Il PD alle ultime europee ha ottenuto il 38,9% segno che, come notava correttamente Galli della Loggia nei giorni dell’affaire De Bono, con la fine della prima Repubblica la tradizione ex comunista e quella democristiana di sinistra avevano creato un unicum che, di fatto, aveva reso quella l’unica classe dirigente possibile per quella realtà (cosa che, secondo il professore, aveva però finito per far credere a quella classe dirigente di essere al di sopra dei giudizi morali e politici).

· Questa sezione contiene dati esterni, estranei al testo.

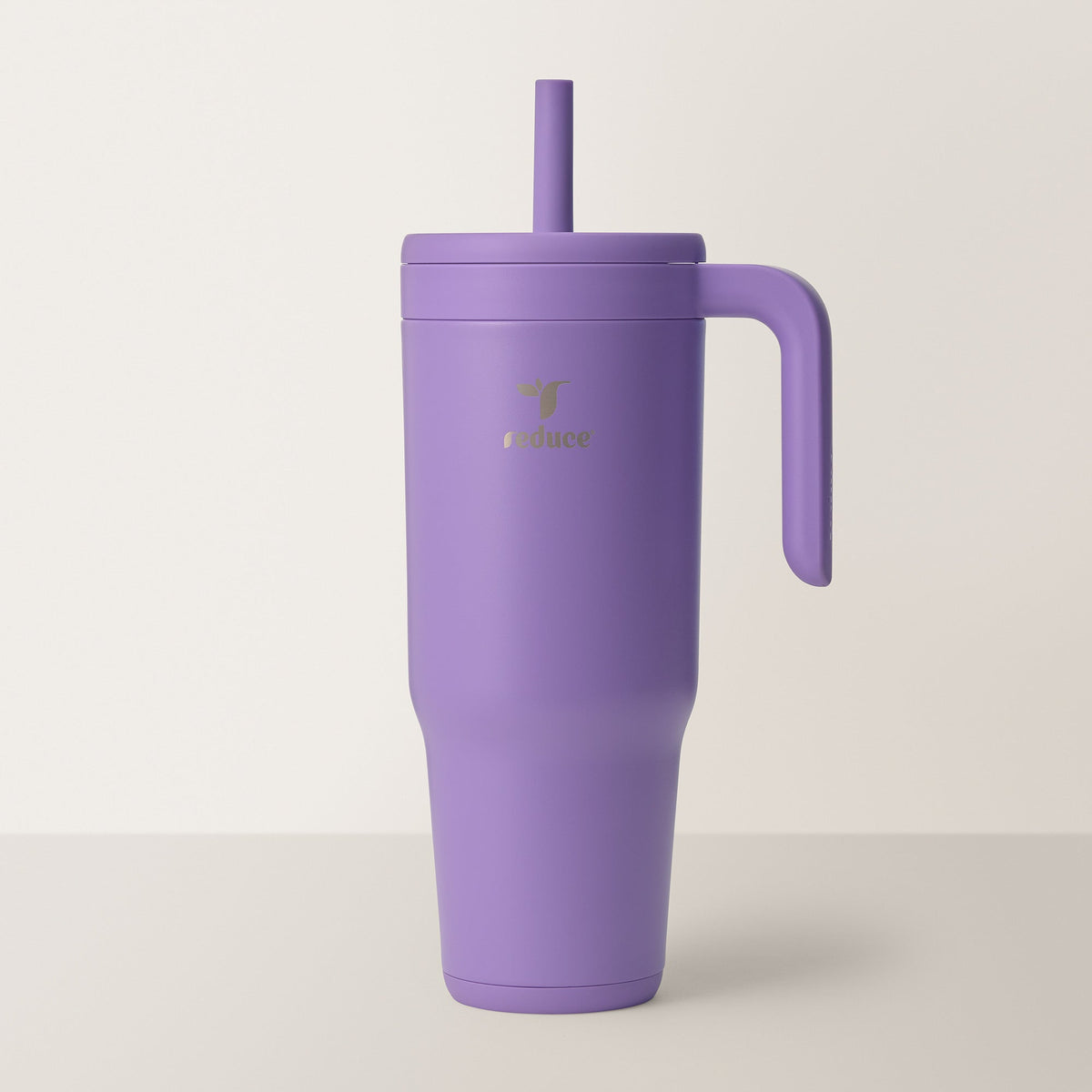 chiller-40-oz-p1 Chiller_40oz_PurplePunch-1.jpg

Ora in siffatte condizioni il PD, fosse solo per consuetudine ed inerzia, governa (anche senza volerlo) praticamente qualunque cosa. Dalle amministrazioni, alle confederazioni, dai sindacati alle aziende pubbliche, esprime centinaia se non migliaia di dirigenti, quadri, manager.Una regione che, tra l’altro, esprime anche il segretario nazionale del PD.

Ecco in una situazione di questo genere il PD ricandida per il terzo mandato il Presidente della Regione Vasco Errani.  Una candidatura che, aldilà dei meriti e delle capacità dell’uomo, pone non pochi interrogativi di opportunità. Già perchè esisterebbe in questo Paese una legge dello Stato che pone come limite di due mandati quelle figure monocratiche, quali sindaco, presidente della Provincia e, appunto, della Regione alla ineliggibilità degli stessi. Ma la norma, si sa, va interpretata e il PD emiliano, così come il PDL lombardo per Formigoni, la interpreta in modo favorevole alla rielezione di Errani.

Poco importa che la maggior parte dei giuristi italiani affermi che invece la norma si applichi proprio alle figure di Errani e Formigoni e poco importa che il risultato (dato che i due sono dati per strafavoriti) possa essere sottoposto al giudizio della magistratura amministrativa. Si sa anche  che in casi come questi è già pronta la leggina, bypartisan naturalmente, che sanerà a posteriori, la questione.

Ma aldilà degli aspetti legali restano tutti quelli politici. Resta il fatto che in Emilia Romagna col 38,9% il PD non trovi un assessore regionale, un sindaco, un parlamentare, un segretario persino un passante per sostituire dopo 10 anni il presidente della Regione; di più non ponga nemmeno una riflessione (almeno a livello nazionale) sull’oppportunità di sfidare una norma dello Stato e che, nel caso si decidesse a sfidarla, lo faccia a viso aperto motivando politicamente la scelta e affrontando per esempio la questione del limite di mandato, per esempio, proponendo la modifica della legge e dicendo che, per il PD, è una cosa sbagliata quella norma.

Invece no, si ricandida Errani nel silenzio generale, dando per scontata la cosa. Magari facendo spallucce e difendendosi con il dire che non c’era niente di meglio (col 38,9% dei consensi) oppure, un po’ più sinceramente, dicendo “ma a Errani se non gli facciamo fare il Presidente non possiamo offrirgli nient’altro”. E il PD lo fa mentre contemporaneamente pone, sacrosantamente, il tema della legalità e della pulizia del Paese.

In tutto questo anche l’integerrima IDV, ancor prima della “svolta di Salerno” dipietrista, non trova nulla da ridire, così come il resto degli alleati.

Gli emiliani avranno dunque per almeno un quindicennio un buon presidente di Regione e un partito egemone che li amministrerà fondamentalmente bene, ma che spaccerà loro la sua Ragion di Stato per Senso dello Stato.